Set down the whole listing below exactly, without pictures.

### MATERIAL SHOWN

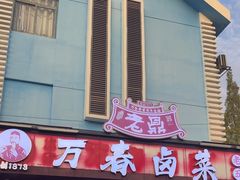 -老鼎万春卤菜(五代传承创始老店)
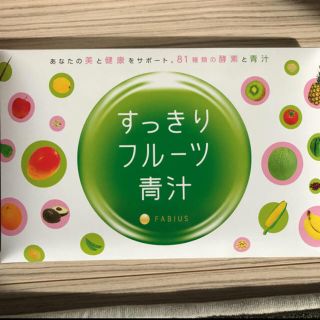 未開封 すっきりフルーツ青汁(青汁/ケール加工食品)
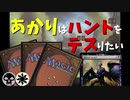 【MTGA】あかりはハンドをデスりたい in テーロス環魂記 part6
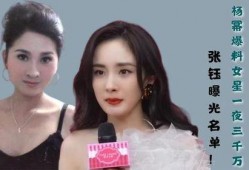 爆料娱乐圈的一个女生,神秘女生引发热议，真相究竟如何？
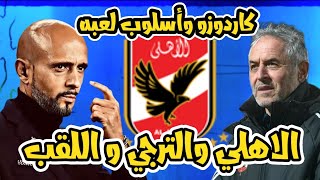 الاهلي والترجي | مين هو مدرب الترجي ميجيل كاردوزو واسلوب لعبه و كولر اللي مش بيستدرج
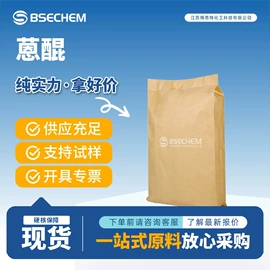 合成中间体;化工中间体;化工中间体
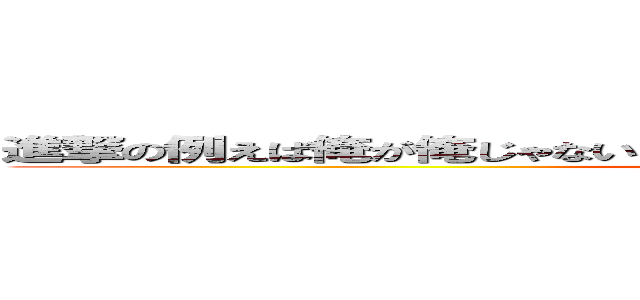 進撃の例えば俺が俺じゃないとして、お前はお前だと言いきれるのか巨人 (attack on titan)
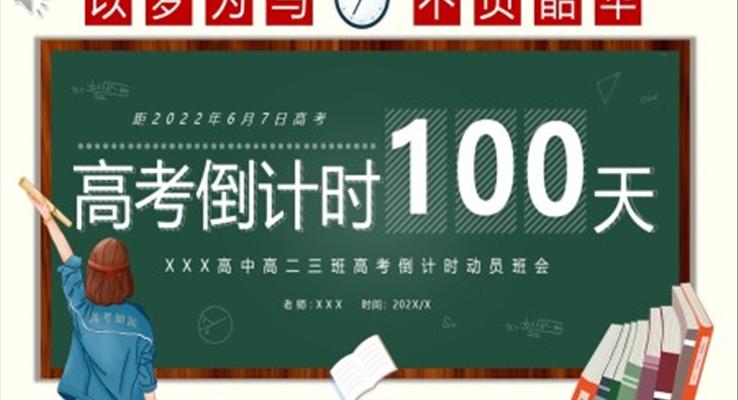 2022年高考倒計(jì)時(shí)100天PPT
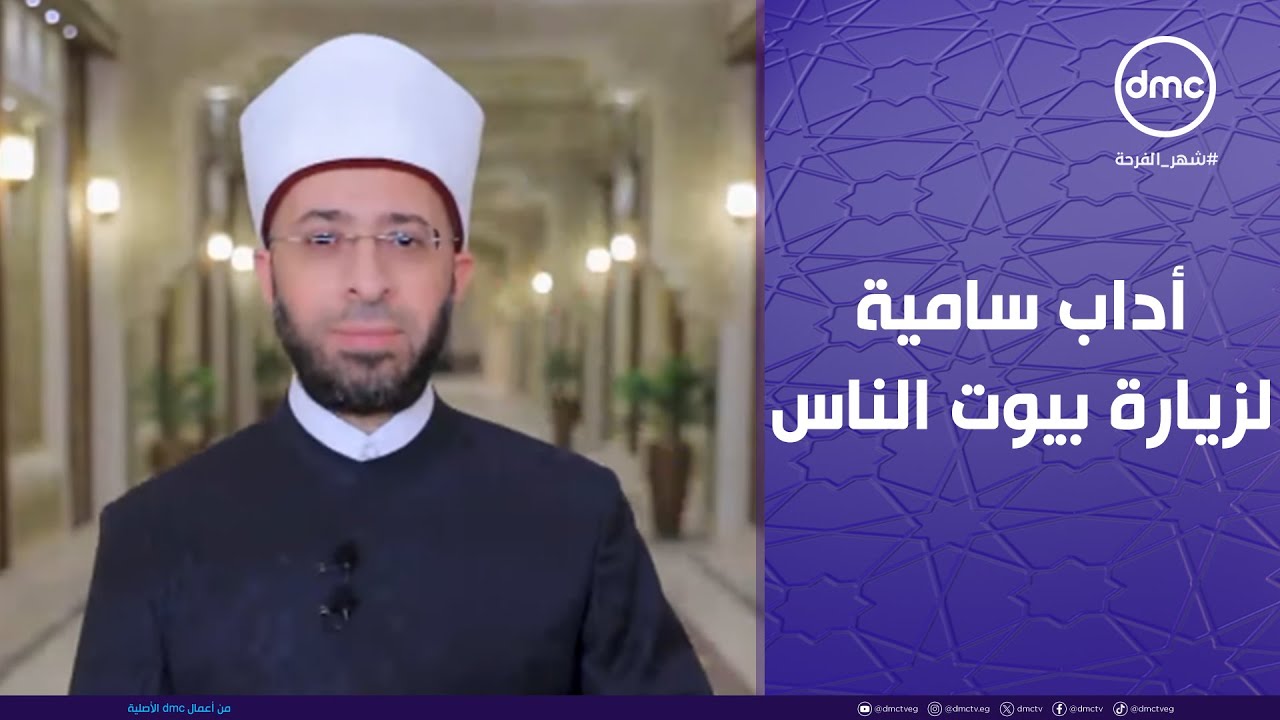 اللؤلؤ والمرجان 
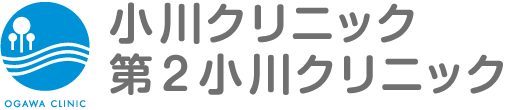 スタッフ紹介｜小平市・東村山市の小川クリニック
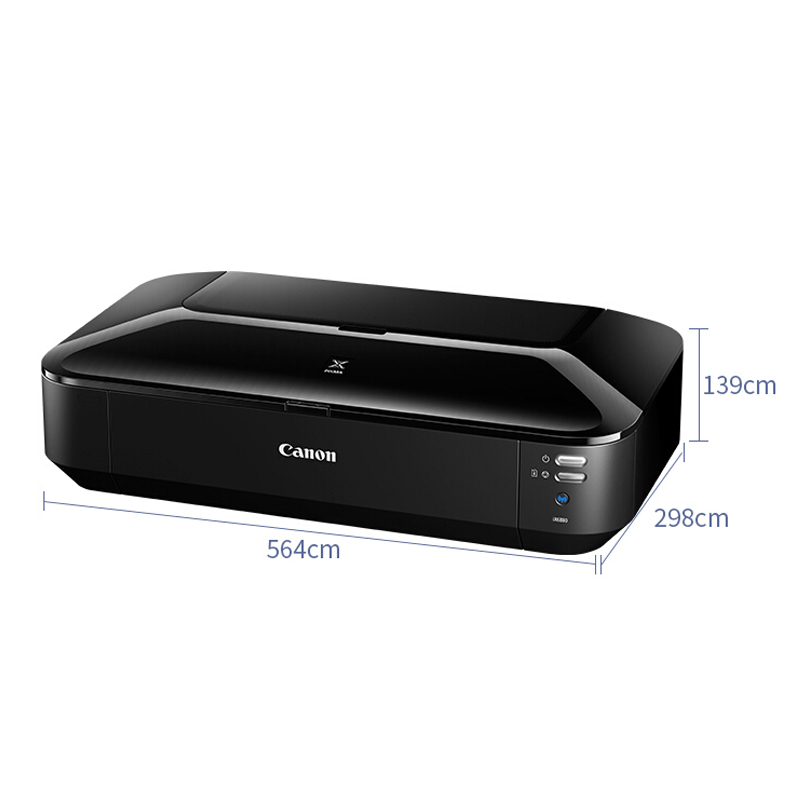 佳能（Canon） iX6880 A3+高性能彩色噴墨打印機(jī) 無線打印_http://m.bzsa.cn/img/sp/215/4cca7e5a-5407-4b0b-bbb9-3ac2fbd387b0.jpg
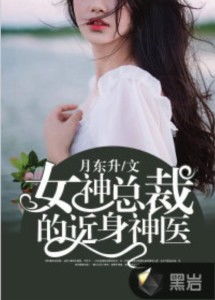 女总裁的换身奇遇记短剧在线免费观看全集资讯，女总裁的近身护卫免费阅读--第1张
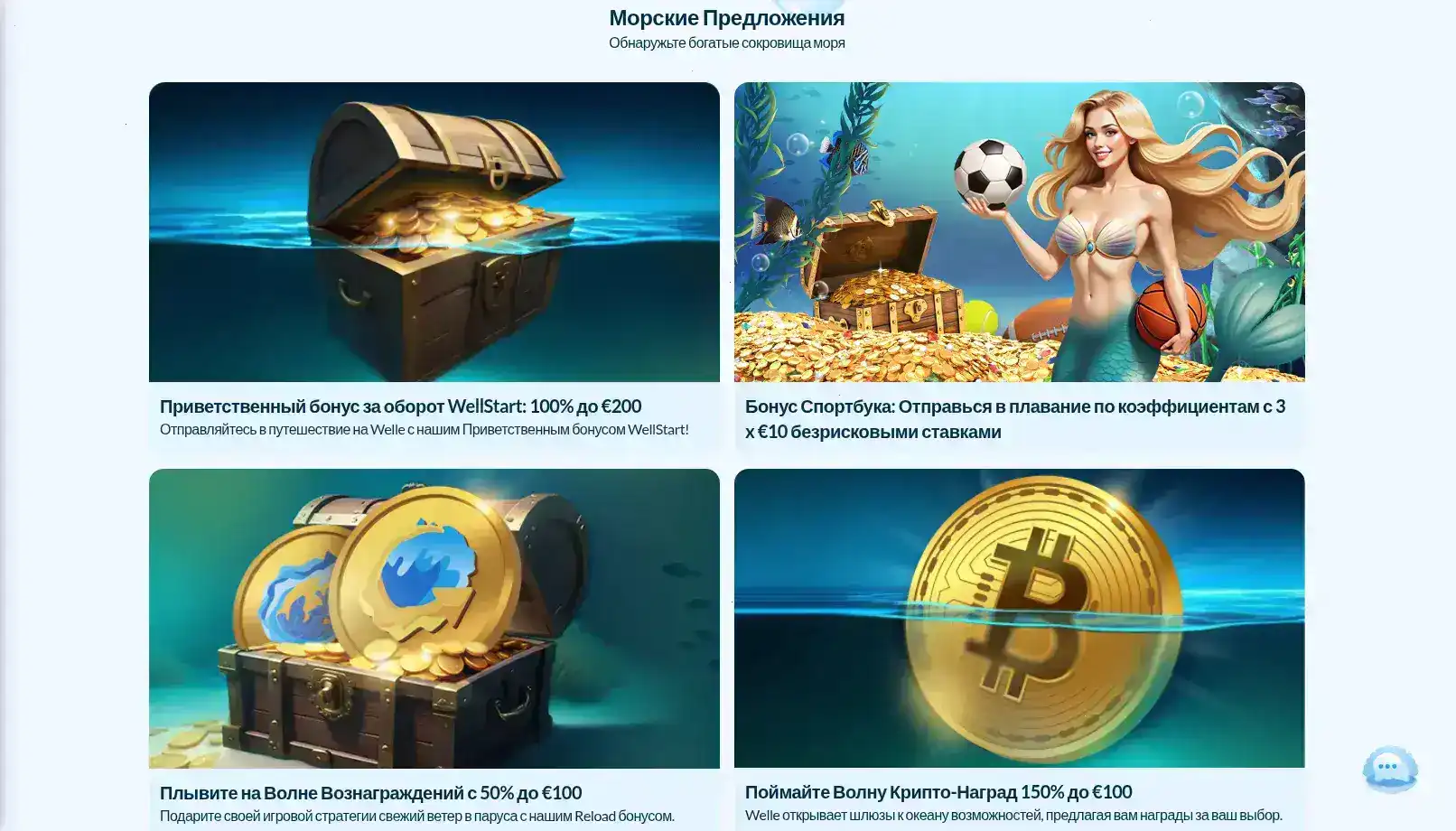 бонусы и акции Redbox казино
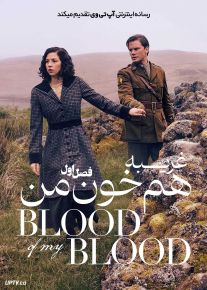 سریال غریبه هم خون من Outlander Blood of My Blood 2025 فصل اول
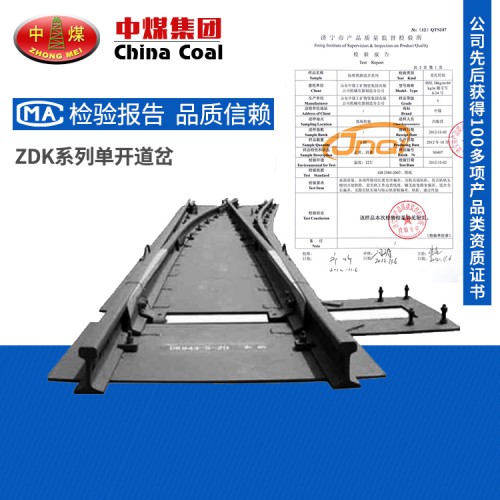 ZDK系列單開道岔供應商 鐵路單開道岔中煤貨源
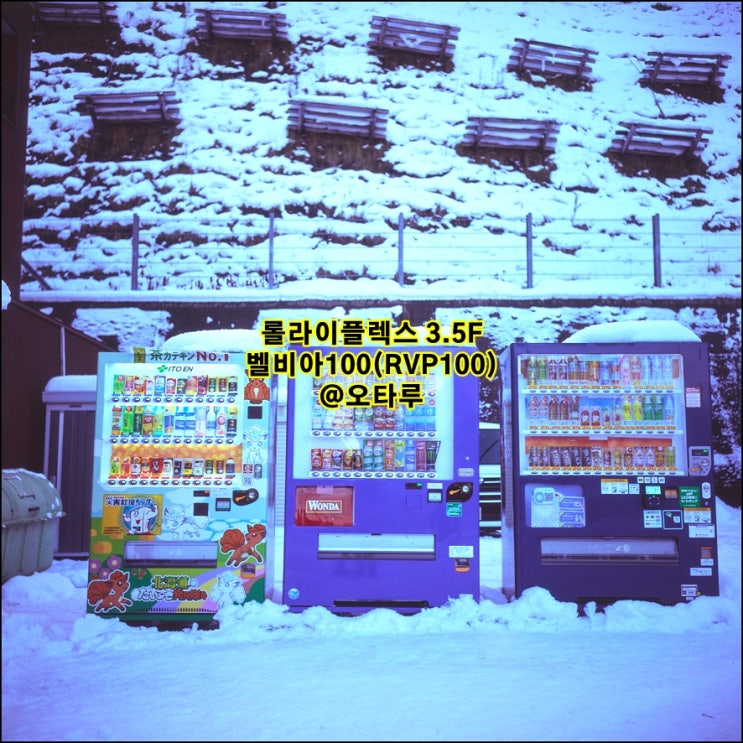  롤라이플렉스 Rolleiflex 3.5F｜벨비아100(RVP100, Velvia100)｜슬라이드 중형 필름사진 12월의 오타루 눈내린풍경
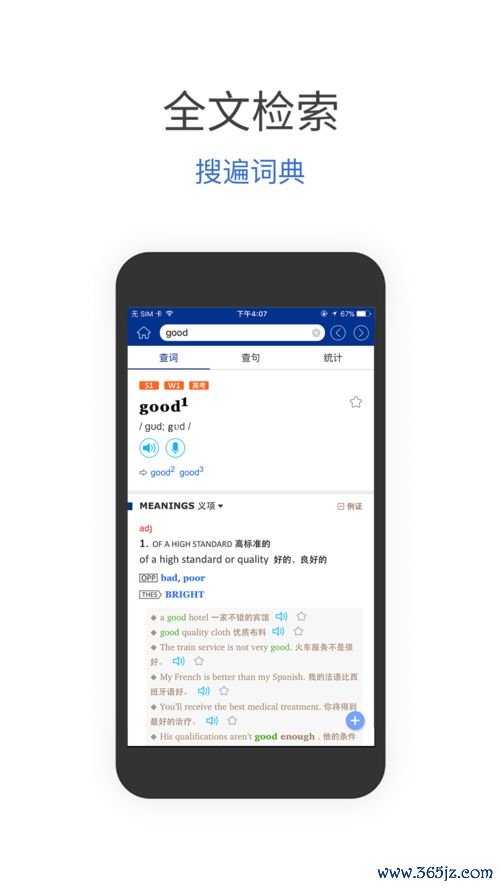 欧易旧版本下载_欧易官网提现到支付宝上 欧易旧版本下载_欧易官网提现到支付宝上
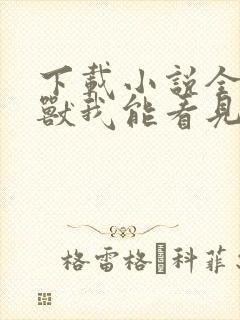 下载小说全球御兽我能看见进化路线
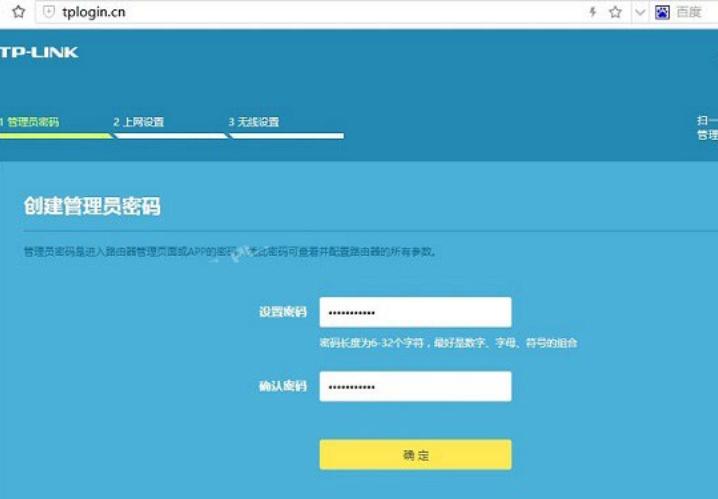 tp-linktl-wdr6300怎么进管理,tp-link路由器tl-wdr6300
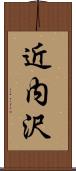 近内沢 Scroll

######

| EXERCISE OUTPUT |
 -老鼎万春卤菜(五代传承创始老店)
 未開封 すっきりフルーツ青汁(青汁/ケール加工食品)
 【MTGA】あかりはハンドをデスりたい in テーロス環魂記 part6
 爆料娱乐圈的一个女生,神秘女生引发热议，真相究竟如何？
 الاهلي والترجي | مين هو مدرب الترجي ميجيل كاردوزو واسلوب لعبه و كولر اللي مش بيستدرج
 合成中间体;化工中间体;化工中间体
 進撃の例えば俺が俺じゃないとして、お前はお前だと言いきれるのか巨人 (attack on titan)
 2022年高考倒計(jì)時(shí)100天PPT
 اللؤلؤ والمرجان 
 スタッフ紹介｜小平市・東村山市の小川クリニック
 佳能（Canon） iX6880 A3+高性能彩色噴墨打印機(jī) 無線打印_http://m.bzsa.cn/img/sp/215/4cca7e5a-5407-4b0b-bbb9-3ac2fbd387b0.jpg
 女总裁的换身奇遇记短剧在线免费观看全集资讯，女总裁的近身护卫免费阅读--第1张
 бонусы и акции Redbox казино
 سریال غریبه هم خون من Outlander Blood of My Blood 2025 فصل اول
 ZDK系列單開道岔供應商 鐵路單開道岔中煤貨源
  롤라이플렉스 Rolleiflex 3.5F｜벨비아100(RVP100, Velvia100)｜슬라이드 중형 필름사진 12월의 오타루 눈내린풍경
 欧易旧版本下载_欧易官网提现到支付宝上 欧易旧版本下载_欧易官网提现到支付宝上
 下载小说全球御兽我能看见进化路线
 tp-linktl-wdr6300怎么进管理,tp-link路由器tl-wdr6300
 近内沢 Scroll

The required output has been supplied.